Advanced Micro Devices, Inc. (NASDAQ:AMD) has moved to strengthen its competitive edge as competition in the semiconductor industry heats up. The company is reportedly in advanced talks to buy Xilinx in a deal worth $30 billion.
Xilinx Acquisition
The acquisition push comes at a time of growing demand for chips, given the global shift to working from home. AMD is one of the companies that has seen a significant surge in demand for its chips prompting it to move and safeguard its edge amid stiff competition from the likes of NVIDIA Corporation (NASDAQ:NVDA) and Intel Corporation (NASDAQ: INTC).
Xilinx would be a perfect fit for AMD as it boasts of a robust network for making chips used in data centers to speed up tasks such as artificial intelligence work. The San-Jose based company also makes chips that are being used to fuel the 5G revolution.
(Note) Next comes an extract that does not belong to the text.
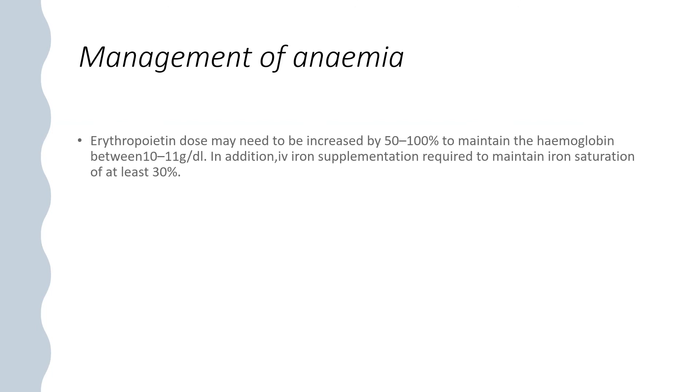Management of anaemia on dialysis: erythropoietin dose may need to be increased by 50–100% to maintain haemoglobin between 10 and 11 g/dL. In addition, IV iron supplementation is required to maintain iron saturations of at least 30%.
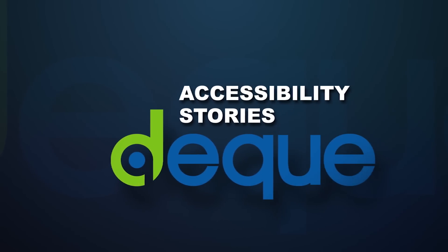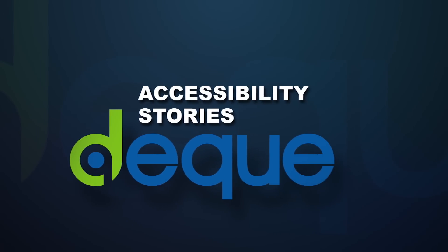Accessibility Stories, brought to you by DQ. My name is Julie and this is my accessibility story.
Xilinx is reportedly open for a deal after suffering a big blow over the past year on its key customer Huawei technologies being blacklisted from operating in the U.S. The company’s customer base has shrunk significantly in the aftermath of the U.S blacklisting a number of Chinese companies in what is turning out to be a vicious tech war.
Focus on Data Centers
AMD succeeding in acquiring Xilinx would be a major coup in the fight for market share in the data center business. Nvidia is already planning to acquire British chip designer Arm in a $40 billion deal. The two are looking to dethrone Intel, which has been a market leader in powering data centers.
Xilinx stands to give AMD an arsenal of products to compete against Intel's FPGA solution gained through Altera's acquisition in 2015. Likewise, AMD would be better positioned to compete against Nvidia’s Alveo accelerator cards, becoming a common phenomenon in the data center business.
AMD has become a key player in the data center business thanks to its arsenal of data center chips led by second-generation EPYC processor. Similarly, the company has accrued double-digit share in the X86 server market against fierce rival Intel.